The remainder of the present paper is structured as follows: After describing related work in Sect. 2, Sect. 3 introduces the strategies for managing anomalies in energy time series forecasting. In Sect. 4, we evaluate the presented strategies. Finally, we discuss the results and the strategies in Sect. 5 and conclude the paper in Sect. 6.

2 Related Work

Since anomalies are potentially limiting the performance of any downstream application, dealing with their presence is generally a well-known topic. For example, all kinds of pre-processing methods aim to raise data quality to ensure the validity and reliability of data analysis results, e.g. [5, 19, 37]. Similarly, the influence of the choice of preprocessing methods on the accuracy of forecasting methods is also known, e.g. [1, 3]. In energy time series forecasting, several works also address how to deal with the presence of anomalies. We organize these works along three strategies.

Works of the first strategy focus on the robustness of forecasting methods. These works, for example, develop forecasting methods that are robust against anomalies, e.g. [23, 28, 29, 51, 53], strengthen existing forecasting methods, e.g. [54], or at least investigate the robustness of forecasting methods with respect to anomalous data, e.g. [27, 52]. The second strategy consists of works that make use of information on detected anomalies. In [43], for example, the information on predicted anomalies is used to adapt the energy production. Works of the third strategy detect anomalies and replace the detected anomalies with appropriate values, e.g. [9, 14, 30, 33], or even remove the detected anomalies, e.g. [11].

Despite these works on specific anomaly management strategies, it is not known which strategy is the best for managing anomalies in energy time series forecasting. For this reason, a rigorous comparison of the available strategies – as done in the present paper – is lacking.

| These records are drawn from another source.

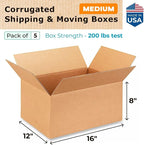 Medium Shipping & Moving Boxes 16 x 12 x 8 inches - Image 2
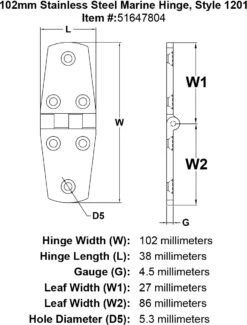 Style 1201 Hinge -E-rigging Store 102mm Stainless Steel Marine Hinge Style 1201 specification diagram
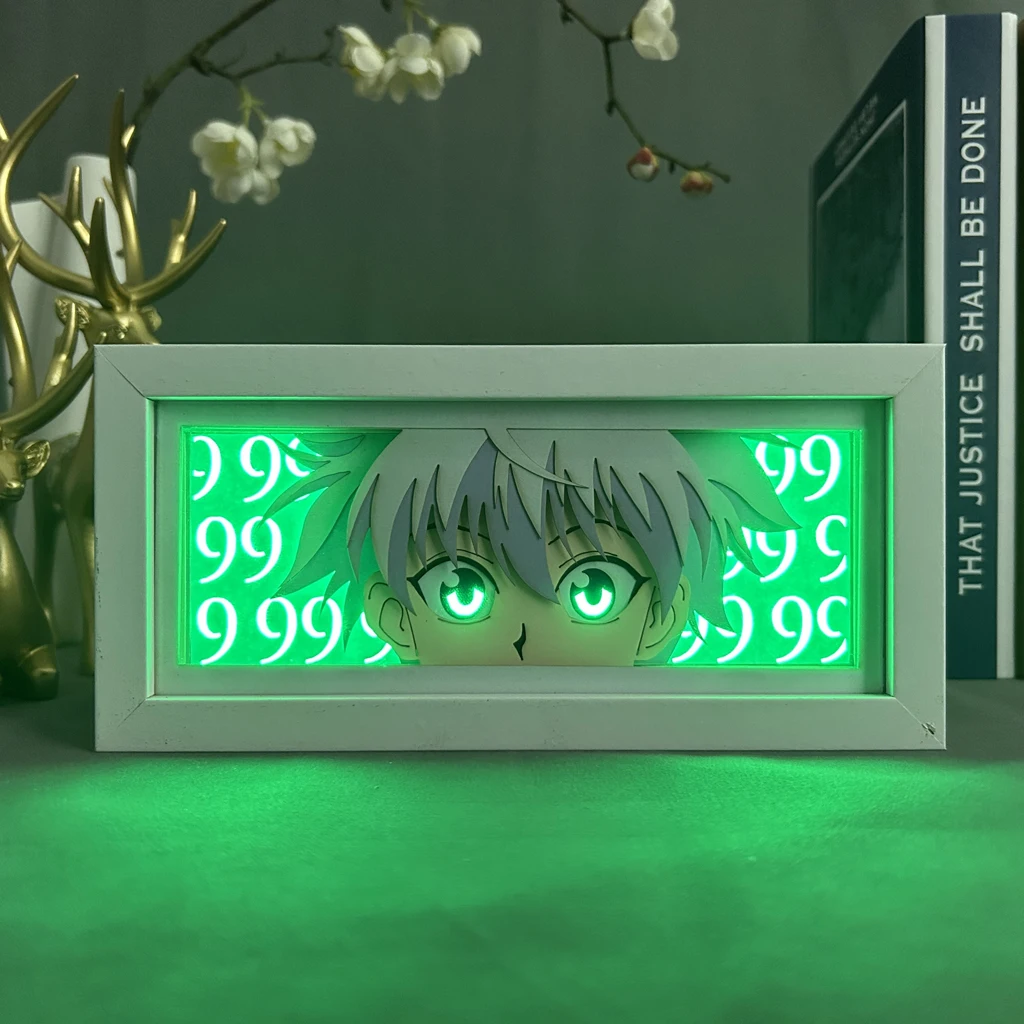 

Hunter X Hunter Killua Light Box for Home Decoration Manga Paper Carving Table Desk Lamp Anime Lightbox HXH Face Eyes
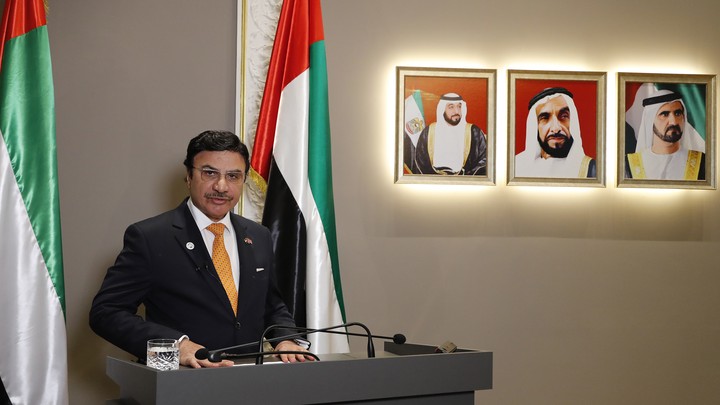 UAE Ambassador to the U.K. Sulaiman Hamid Almazroui delivers a statement to the media about Matthew Hedges on November 23, 2018.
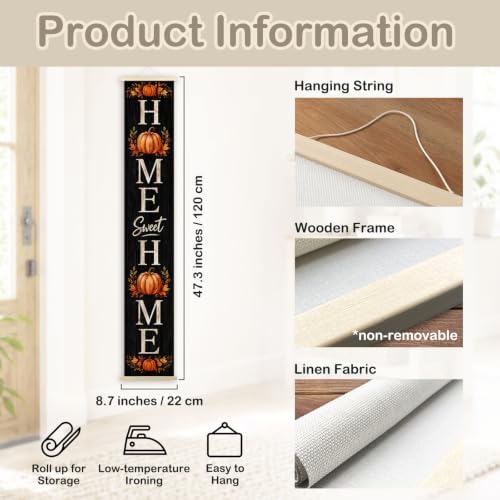 Home Sweet Home Fall Porch Door Banner Wall Decorations 8x47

3 Strategies for Managing Anomalies in Energy Time Series Forecasting

In this section, we present three general strategies for managing anomalies in energy time series forecasting, which build on the previously described anomaly management strategies in literature.Footnote 1 All of these strategies apply a forecasting method \(f(\circ )\) to create a forecast for an input power time series \(\textbf{y} = \{y_t\}_{t \in T}\) with T measured values. This forecasting method creates a forecast based on historical values of the input power time series and exogenous features \(\textbf{e}\) such as calendar information or weather forecasts. More specifically, the forecasting method combines the most recent N historical values of the input power time series \(\textbf{y}_{t} = y_{t-(N-1)}, \dots , y_t\) with the exogenous features \(\textbf{e}_{t+H} = e_{t+1}, \dots e_{t+H}\) for the forecasting horizon H. Using this combination, the forecasting method then generates a forecast at time point t

$$\begin{aligned} \hat{\textbf{y}}_{t+H} = f(\textbf{y}_{t}, \textbf{e}_{t+H}), \end{aligned}$$
(1)

where \(\hat{\textbf{y}}_{t+H} = \hat{y}_{t+1}, \dots \hat{y}_{t+H}\) is the forecast value for the input power time series for each time step in the forecast horizon. Nevertheless, the considered strategies comprise different steps and thus differ in the inputs to the applied forecasting method (see Fig. 1). We thus describe the included steps, the used input, and the underlying assumptions for each strategy in the following.

Fig. 1.
figure 1

The three strategies for managing anomalies in energy time series forecasting. The raw strategy directly uses the input power time series to create a forecast. The detection strategy first detects anomalies in the input power time series, before providing a forecast using the information on the detected anomalies from the power time series with detected anomalies. The compensation strategy detects anomalies and additionally compensates the detected anomalies before performing a forecast based on the power time series with compensated detected anomalies.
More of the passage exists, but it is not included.